Filtering by date and time as different fields


(Gustav Gonzalez) #1

Hi!

I am trying to create a filter for my query using a date range and a time range. In my case, date and time are different fields. So I want to run queries like: Show me all the events happening this month (15-11-01/15-11-30) between 10:00:00 am and 12:00:00

This is my query, but it is not working. Note: If I only use the "date part" it works, but with the combination of the time field, the results are wrong.

Any suggestion?

{
   "query":{
      "filtered":{
         "query":{
            "match":{
               "message":"error"
            }
         },
         "filter":{
            "bool":{
               "must":{
                  "range":{
                     "date":{
                        "gte":"15-11-01",
                        "lte":"15-11-30"
                     }
                  }
               },
               "must":{
                  "range":{
                     "time":{
                        "gte":"10:00:00",
                        "lte":"12:00:00"
                     }
                  }
               }
            }
         }
      }
   }
}

(Zachary Tong) #2

Two potential issues:

  • First, your bool syntax is a bit wrong. Both of the range filters should go inside a single must clause, instead of two different must clauses. Try this:
{
   "query":{
      "filtered":{
         "query":{
            "match":{
               "message":"error"
            }
         },
         "filter":{
            "bool":{
               "must":[
                  {
                     "range":{
                        "date":{
                           "gte":"15-11-01",
                           "lte":"15-11-30"
                        }
                     }
                  },
                  {
                     "range":{
                        "time":{
                           "gte":"10:00:00",
                           "lte":"12:00:00"
                        }
                     }
                  }
               ]
            }
         }
      }
   }
}
  • Second, are your "date" and "time" fields actual Date types? If they are just strings, ES is doing an alphanumerical range, which isn't identical to a real date-time range. Also, if these are string fields that have been analyzed, you're doing alphanumerical ranges on small fragments of your date (e.g. ["15", "11", "30"] rather than 15-11-30) because the analysis likely tokenized and split on special characters, like hypens and colons.

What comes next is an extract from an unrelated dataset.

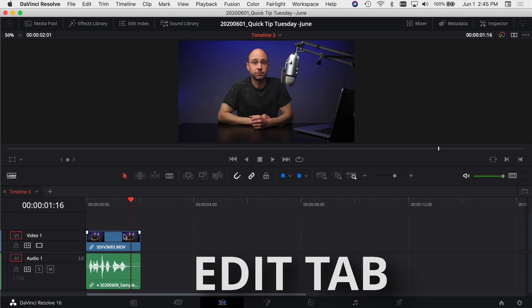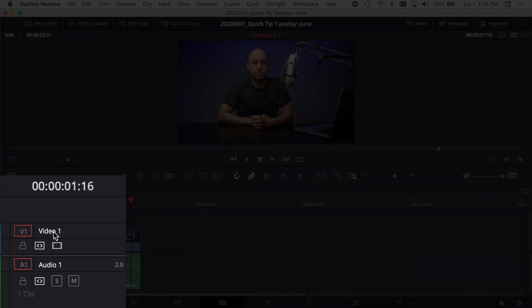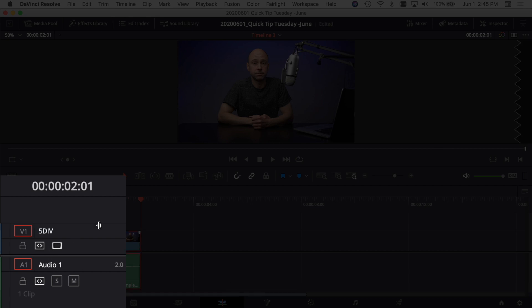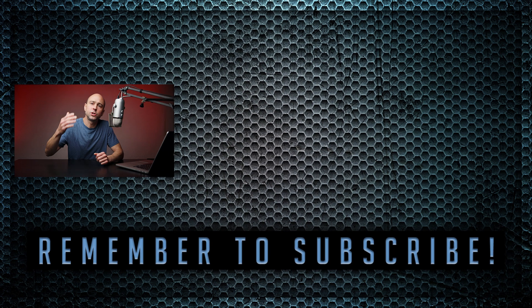We're here in DaVinci Resolve. To rename your track, it's super easy — just come to your track name, Video 1 or Audio 1, and double-click it. That's going to get you in there so you can edit the text. I always call mine '5D Mark 4' for my 5D Mark 4 angle. I'll also rename my audio track by double-clicking — I'll call this '5D Mark 4 Audio' — hit Enter and you're good to go. You've renamed your tracks, which helps keep everything organized.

I'd recommend rolling these together into a single Date type and doing the complete range on that. If you can't do that, I'd use a Date for the "date" field and a not_analyzed string for the "time" field, then ensure all times that you request never "wrap around" since that won't work properly with the alphanumeric range.


(Gustav Gonzalez) #3

Thank you for your answer. Following your suggestion I have a new question:

How should I write the range filter for this query: Get all the events happening this month (15-11-01/15-11-30) but only between 10:00:00 am and 12:00:00 of every day?
Understanding that I only would have one field (of DATE type) containing date and time together

I appreciate any hint :smile:


(Zachary Tong) #4

Ahh, right, missed that part. :slight_smile: Also, I forgot that ES does support just times, you just have to specify the format in your mappings. Try something like this:

PUT /test/
{
   "mappings": {
      "test": {
         "properties": {
            "date": {
               "type": "date",
               "format": "yyyy-MM-dd"
            },
            "time": {
               "type": "date",
               "format": "HH:mm:ss"
            }
         }
      }
   }
}
PUT /test/test/include1
{
    "date": "2015-11-04",
    "time": "10:00:00"
}

PUT /test/test/include2
{
    "date": "2015-11-04",
    "time": "11:00:00"
}

PUT /test/test/exclude1
{
    "date": "2015-11-04",
    "time": "12:00:00"
}

PUT /test/test/exclude2
{
    "date": "2015-08-04",
    "time": "10:00:00"
}

And then following query will only find include1 and include2:

GET /test/_search
{
   "query": {
      "filtered": {
         "filter": {
            "bool": {
               "must": [
                  {
                     "range": {
                        "date": {
                           "gte": "2015-11-01",
                           "lte": "2015-12-01"
                        }
                     }
                  },
                  {
                     "range": {
                        "time": {
                           "gte": "10:00:00",
                           "lte": "11:00:00"
                        }
                     }
                  }
               ]
            }
         }
      }
   }
}

(Gustav Gonzalez) #5

That would be great if I just could define the map of my documents in ES, but this is my situation:
I have a logstash service with this filter:

match => { "message" => "%{DATE:date} %{TIME:time} %{GREEDYDATA:message}" }

It is working and sending all the data to the ES service which is running in the same host. All the indexes are automatically created, one per day, following this map structure:

"date":{"type":"date","format":"dateOptionalTime"}, "time":{"type":"string"}, message":{"type":"string"}

In every record, ES recognized patterns like this "00:00:00" as strings, that makes impossible to run the filter in the way you suggested because the range condition (gte/lte) can't be applied to strings.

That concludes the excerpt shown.